Zara stood up fast and grabbed Ryan by the arm. “Let’s go find that book.”
GREENPORT HERALD
June 13, 1825
Weary Greenport Recovers from Blood Orange Moon
By Jake Batteron
The people of Greenport are recovering today from a celestial moon event referred to in the Farmers’ Annual as the Blood Orange Moon. The rare occurrence, said to only happen once every two hundred years, caused heavy rain and flooding. Ernest Cooper’s corn crop was destroyed, ruining his prospects for the upcoming harvest season. Ashley Ford says the wind was so fierce, a tree took out her barn, spooking several horses that have yet to be recovered. Please alert the Fords if any colts are spotted.
Elias Rudd is asking Greenport to be on the lookout for his son Axel Rudd, who disappeared last night during the storm. Anyone who knows of Axel Rudd’s whereabouts may call on Elias Rudd immediately. The Henderson family is also searching for their daughter Laurel, who stepped out to get some air before the weather turned.

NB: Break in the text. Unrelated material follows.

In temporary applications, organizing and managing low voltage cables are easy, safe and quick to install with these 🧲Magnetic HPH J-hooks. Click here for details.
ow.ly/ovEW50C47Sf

As the Blood Orange Moon comes on the heels of a Cough outbreak, it is important to note there has been much confusion, and no word has come yet from many households that may be affected by storm or illness. The Cough has shut down the new Greenport School House for almost a week. Elias Rudd says the Greenport Mercantile will remain closed for the foreseeable future.